Short-changing Provincial Autonomy
MORE than anything else, it was our inability to manage the provincial aspirations for autonomy which resulted in the break-up of the country in 1971. Even today, despite having undergone a major constitutional makeover in the form of the 18th Constitutional Amendment in 2010 leading to an altered centre-province equation, the debate on provincial autonomy continues.
It had been a part of our political lexicon ever since the British Raj had introduced elected central and provincial legislatures in 1937. Although the demand for provincial autonomy by the All-India Muslim League (AIML) was meant to protect the Muslim-majority provinces from undue interference by a Hindu-dominated centre, the demand for a federal system acquired its own momentum and it became a highly desirable feature for the post-independence political system because of the geographical vastness and huge diversity of the subcontinent.

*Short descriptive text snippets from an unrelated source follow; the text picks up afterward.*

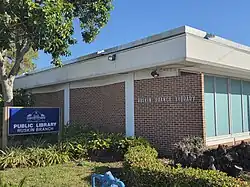 Daytime photo of the Ruskin Branch Library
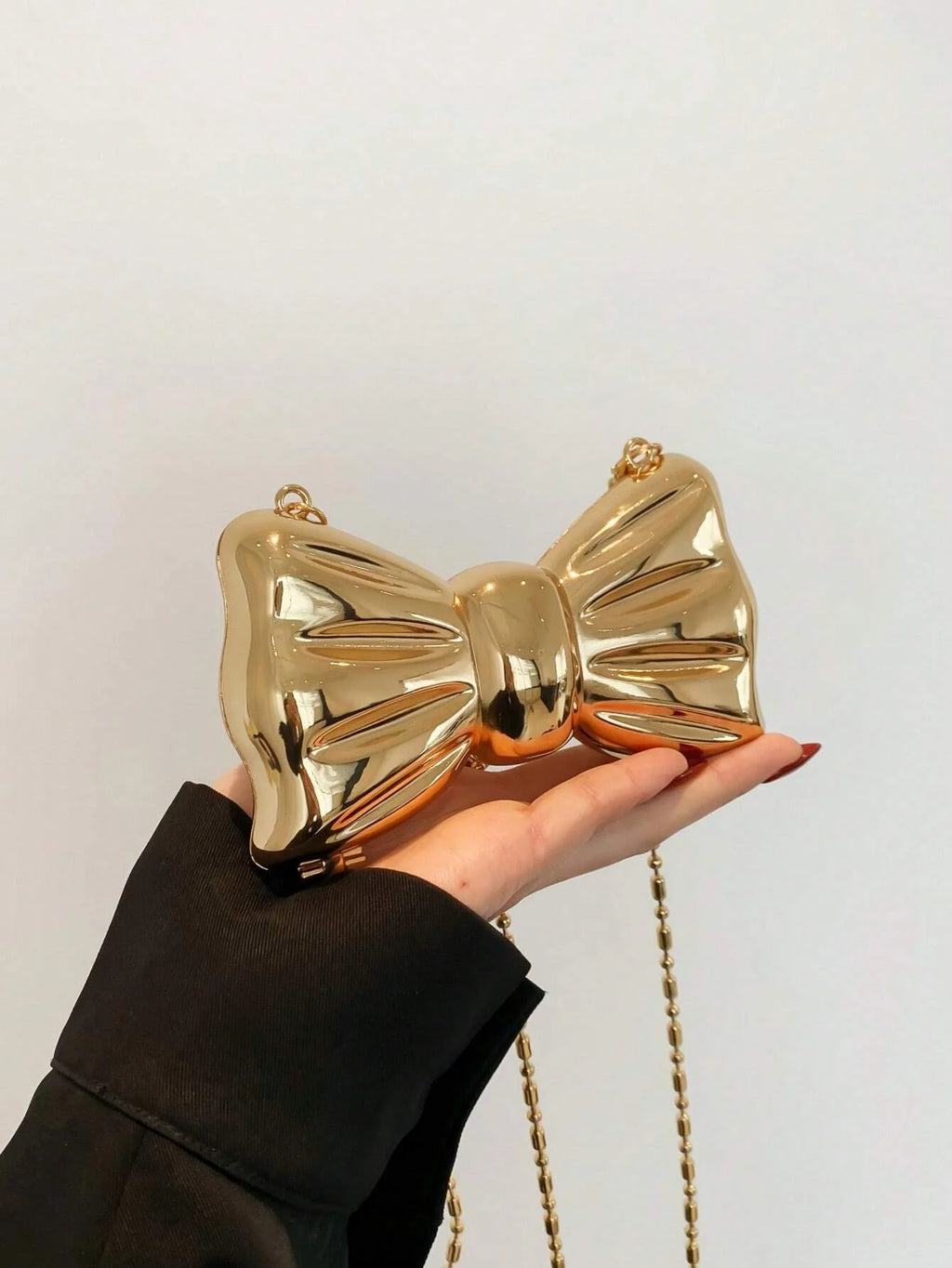 Mini Bow clutch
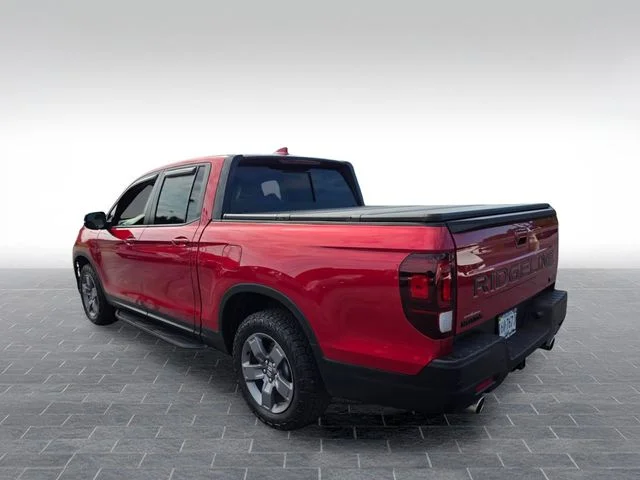 Used 2025 Red Honda TrailSport image 5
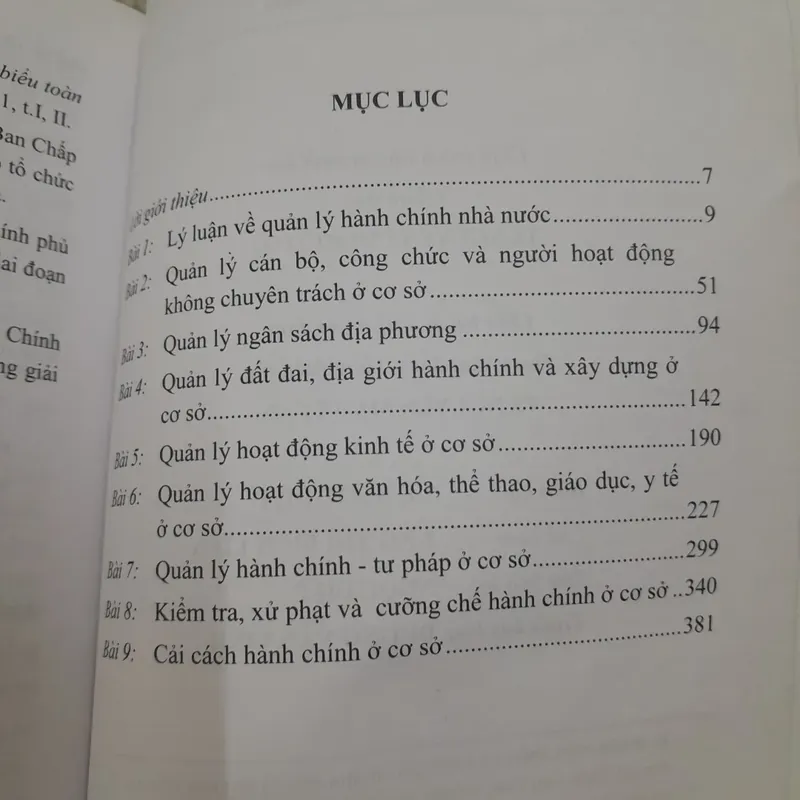 Giáo trình trung cấp chính trị- Quản lý hành chính Nhà nước. Học viện chính trị QGTPHCM 570942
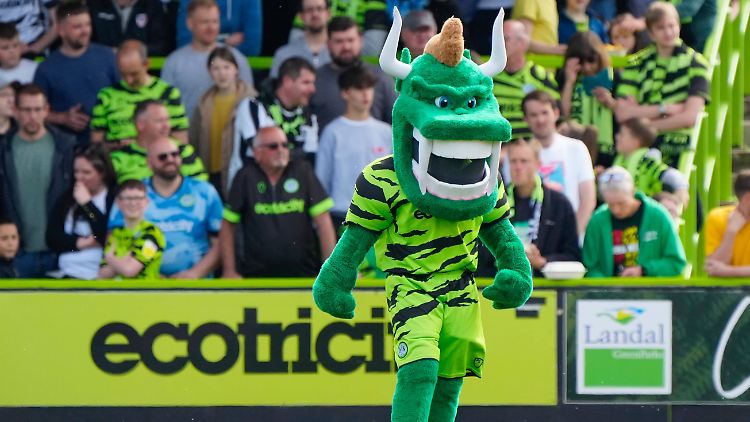 Das Maskottchen des Klubs heißt "Neville, the green devil" - also Neville, der grüne Teufel.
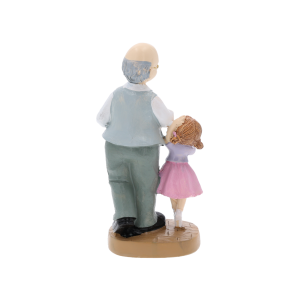 Widok od tyłu na figurkę 15 cm przedstawiającą dziadka w kamizelce i wnuczkę w sukience. Prezentacja detali odzieży postaci.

The operative part of the Pakistan Resolution had demanded that “… the areas in which Muslims are numerically in a majority as in the North Western and Eastern Zones of India, should be grouped to constitute independent states, in which the constituent units shall be autonomous and sovereign.” The key words here are “independent states” that were expected to be “autonomous and sovereign”. The resolution manifested the political consensus over the texture of the constituting units in the future homeland.
The promise of provincial autonomy, however, suffered a series of setbacks soon after independence. The first such action was the expansion of already elaborate powers of the central government in the Government of India Act, 1935, which served as the interim constitution. The governor-general, according to the interim constitution, had enormous powers of control over the provincial governments, such as the authority to choose, summon, and dismiss provincial ministers.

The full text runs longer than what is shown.